Optical pressure detector could improve robot skin

The pressure sensor consists of a series of waveguides running alongside one another (top). Where the gap between the waveguides narrows, light from the first channel can jump into the second channel (bottom). Higher pressure makes the gap narrower, allowing more light to move out of channel 1 and into channel 2. Image Credit: Suntak Park, Electronic and Telecommunications Research Institute, Daejeon, South Korea

A new type of pressure sensor based on light could allow the creation of sensitive artificial skins to give robots a better sense of touch, wearable blood-pressure monitors for humans and optically transparent touch screens and devices.

In the Optical Society (OSA) journal Optics Letters, researchers report on a sensor that detects pressure by analyzing changes in the amount of light traveling through tiny tunnels embedded in polydimethylsiloxane (PDMS), a common type of silicone. The flexible, transparent device is sensitive to even gentle pressure and is less prone to failure compared to previous types of pressure sensors. It also should be feasible to incorporate the embedded optical sensors across a large surface area, researchers say.

“The silicone sheet can be placed on display panels to enable touch screens, or can be wrapped on robot surfaces as an artificial skin layer for tactile interactions,” says Suntak Park, Electronic and Telecommunications Research Institute, Daejeon, South Korea. “Considering that PDMS is a very well-known bio-compatible, non-toxic material, the sensor sheet may even be applied on or inside the human body, for example, to monitor blood pressure.”

Measuring pressure distribution over a curved surface can be important in research areas such as aerodynamics and fluid dynamics. Park says the sensors could be useful for studying pressure-related effects on the surfaces of aircraft, automobiles, and ships.

Avoiding interference
Most existing pressure sensors are based on electronics. Piezoresistive sensors, for instance, which are often used as accelerometers, flow meters, and air-pressure sensors, change their electrical resistance when subjected to mechanical strain. The problem with electronic systems is that they can be subject to electromagnetic interference from power sources, nearby instruments and charged objects. They also contain metal components, which can block light and be subject to corrosion.

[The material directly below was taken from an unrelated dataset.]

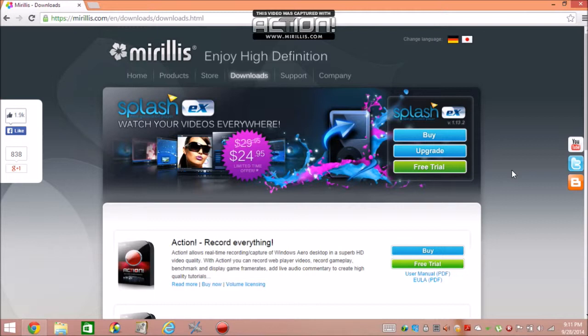But I probably need to get the paid version because the trial is about to end for me tomorrow. I have to either find a new screen recorder or get the paid version.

“Our approach is almost free from such problems because the sensing device is embedded in the middle of a sheet made of silicone rubber,” says Park. “When compared to electrical approaches, our optical approach is particularly suitable for applications that take advantage of large-area feasibility, resistance to electromagnetic interference, and high visual transparency.”

Sensing pressure with light
The device works by measuring the flow of light through a precisely arranged pair of minuscule tubes known as a photonic tunnel-junction array. “The pressure-sensitive photonic tunnel-junction array consists of light-guiding channels where external pressure changes the brightness of the light transmitted through them,” Park says. “This is similar to how a valve or faucet works at a flow-splitting node.”